While OTT connection <NUM> is active, the network infrastructure may further take decisions by which it dynamically changes the routing (e.g., based on load balancing consideration or reconfiguration of the network).

Wireless connection <NUM> between UE <NUM> and base station <NUM> is in accordance with the teachings of the embodiments described throughout this disclosure. One or more of the various embodiments improve the performance of OTT services provided to UE <NUM> using OTT connection <NUM>, in which wireless connection <NUM> forms the last segment. More precisely, the teachings of these embodiments may improve the signaling overhead and reduce latency, which may provide faster internet access for users.

A measurement procedure may be provided for monitoring data rate, latency and other factors on which the one or more embodiments improve. In embodiments, sensors (not shown) may be deployed in or in association with communication devices through which OTT connection <NUM> passes; the sensors may participate in the measurement procedure by supplying values of the monitored quantities exemplified above or supplying values of other physical quantities from which software <NUM>, <NUM> may compute or estimate the monitored quantities.

Additionally, or alternatively, in step <NUM>, the UE provides user data.

Modifications, additions, or omissions may be made to the systems and apparatuses disclosed herein without departing from the scope of the invention. The components of the systems and apparatuses may be integrated or separated. Moreover, the operations of the systems and apparatuses may be performed by more, fewer, or other components. Additionally, operations of the systems and apparatuses may be performed using any suitable logic comprising software, hardware, and/or other logic. As used in this document, "each" refers to each member of a set or each member of a subset of a set.

Modifications, additions, or omissions may be made to the methods disclosed herein without departing from the scope of the invention. The methods may include more, fewer, or other steps. Additionally, steps may be performed in any suitable order.

The foregoing description sets forth numerous specific details. It is understood, however, that embodiments may be practiced without these specific details. In other instances, well-known circuits, structures and techniques have not been shown in detail in order not to obscure the understanding of this description. Those of ordinary skill in the art, with the included descriptions, will be able to implement appropriate functionality without undue experimentation.

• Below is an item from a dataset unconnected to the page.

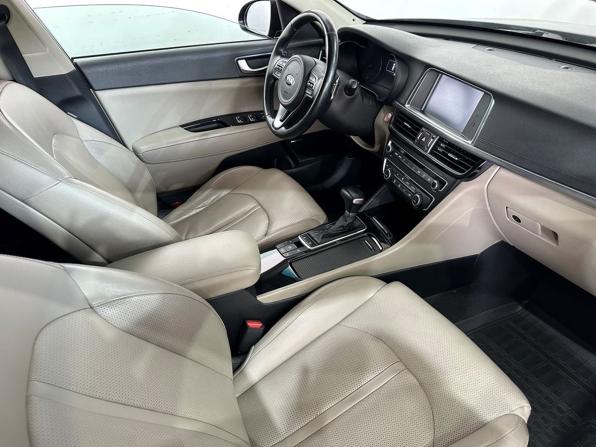 Kia Optima IV с пробегом 2016 года, цена 1 489 000 рублей, 270837 км, седан, Автокод Объявления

Although this disclosure has been described in terms of certain embodiments, alterations and permutations of the embodiments will be apparent to those skilled in the art in the sense that other changes, substitutions, and alterations are possible without departing from the scope defined by the claims below.

Claim 1:
A method performed by a wireless device for operation with shared spectrum channel access, wherein a first plurality of fixed frame periods, FFPs, are associated with the wireless device and a second plurality of fixed frame periods, FFPs, are associated with a network node and wherein each FFP comprises an idle period with no transmission and a channel occupancy time, COT, in which the wireless device or the network node is permitted to transmit, the method comprising:
initiating (<NUM>) a COT in one of the FFPs of the first plurality of FFPs; and
upon successful initiation of the COT, transmitting (<NUM>), to the network node, uplink data from the beginning of the COT,
characterized in that,
the first plurality of FFPs and the second plurality of FFPs are not aligned in the time domain and transmitting uplink data comprises segmenting the uplink data into two or more segments and refraining from transmitting any of the two or more segments that overlap with an idle period of any of the FFPs of the second plurality of FFPs.